Project Presentations: CSI5126 ALGORITHMS IN BIOINFORMATICS
CBYA605 - Tuesday December 7 - 9:00-11:30

9:05-9:25 Houman Abasian "Implementing and Comparing Algorithms for K-difference Problem"

9:30-9:50 Balasingham Balamohan "Efficient Alignment of three sequences"

9:55-10:15 Erico Neves "Comparison Between MUSCLE and HMMer"

10:20-10:40 Ruoying Gong "Implementation of <A Simple Algorithm for Finding Exact Common Repeat>"

10:45-11:05 Andrew Schoenrock "Predicting Novel Protein Motif Pairs Responsible for Protein-Protein Interaction"

11:10-11:30 Xiaoguang (Benjamin) Wang 
"Using Multiple Sequence Alignments to Improve Gene Prediction Methods"

============= ABSTRACTS ===================================================

"Implementing and Comparing Algorithms for K-difference Problem"
Houman Abasian 
Abstract:
K-mismatch S in T is a substring of T that matches S with maximum k errors
(just mismatches, excluding spaces). The running time for the naive method
to solve this problem is O(nm). But using suffix tree it is possible to
solve this problem in O(kn) [1]. We now consider the k-difference problem
in which spaces are allowed in addition to mis- matches. This problem can
be solved using dynamic programming in O(mn) [2]. The k-difference problem
can not be solved using suffix tree because the structure of suffix tree
is not designed to handle spaces[3]. The solution for this problem is
called "hybrid dynamic programming" in which suffix tree and dynamic
programming are combined[3, 2]. In this work we study and implement three
different algorithms for k-difference problem and compare them together.
The first algorithm is based on dynamic programming. The second and the
third algorithms are based on diagonal wise dynamic programming in which
the Longest common extension (LCE) should be computed. The second
algorithm calculates LCE using naive method O(m) and the third one
calculates it using suffix trees in O(1). In this work we simulated the
third algorithm to get the LCE in constant time. Then we use two
artificial examples to see the output of the algorithms as well as
comparing three algorithms in terms of average running time.

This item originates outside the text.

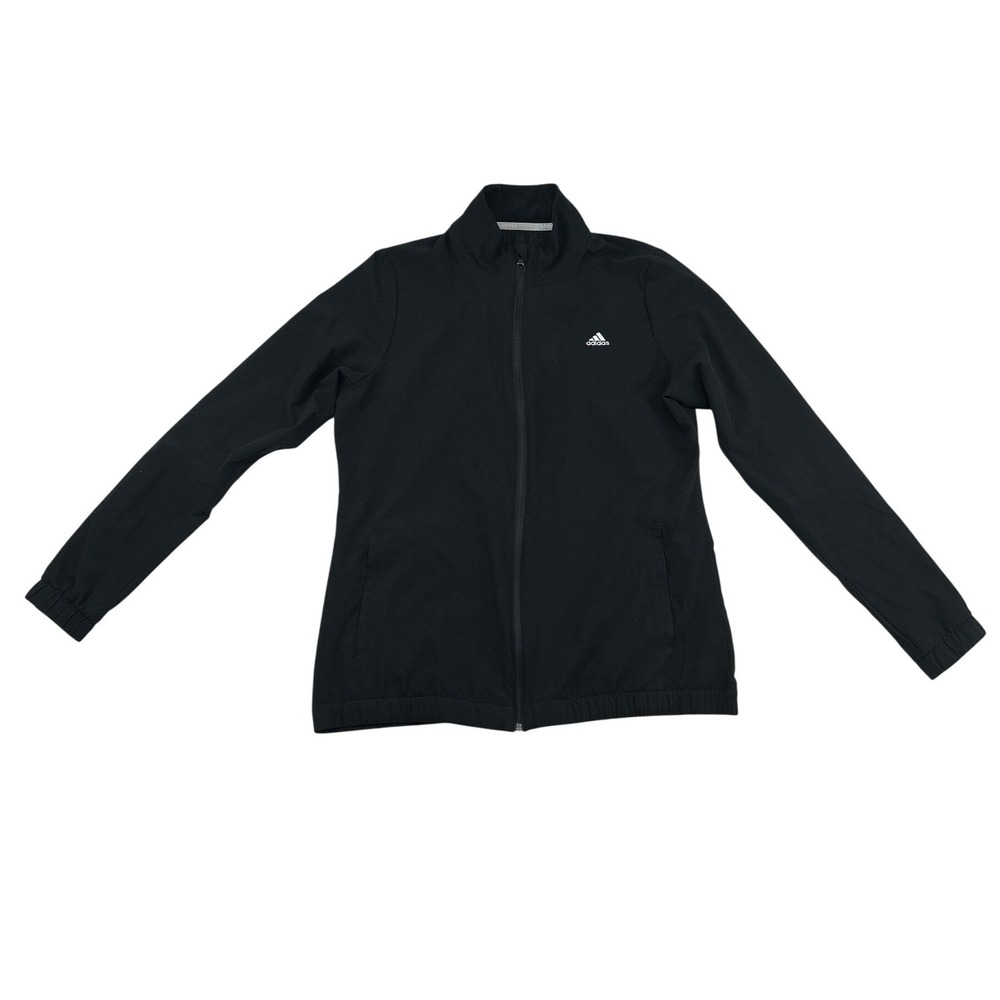 Adidas Golf Jacket‎ Womens M Black Full Zip Mock Neck Activewear Solid Logo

"Efficient Alignment of three sequences"
Balasingham Balamohan
Abstract : Sequence alignment is an important problem in bioinformatics.
In this talk, I present an efficient algorithm I developed
 to align three sequences for a restricted class of cost matrices
 under the sum of pair distance model. 

"Comparison Between MUSCLE and HMMer"
Erico Neves
Abstract:
Evaluation of tools to execute multiple alignment is a very important
issue. Two known classes of multiple alignment algorithms are iterative 
and probabilistic. One known iterative algorithm is MUSCLE, and one
probabilistic algorithm is HMM. In other papers, only MUSCLE was evaluated
in relation to other algorithms, but HMM tools still miss comparison tests. 
The comparison was done using a standard database known as BAliBASE.
Results present an advantage in HMM in relation to MUSCLE.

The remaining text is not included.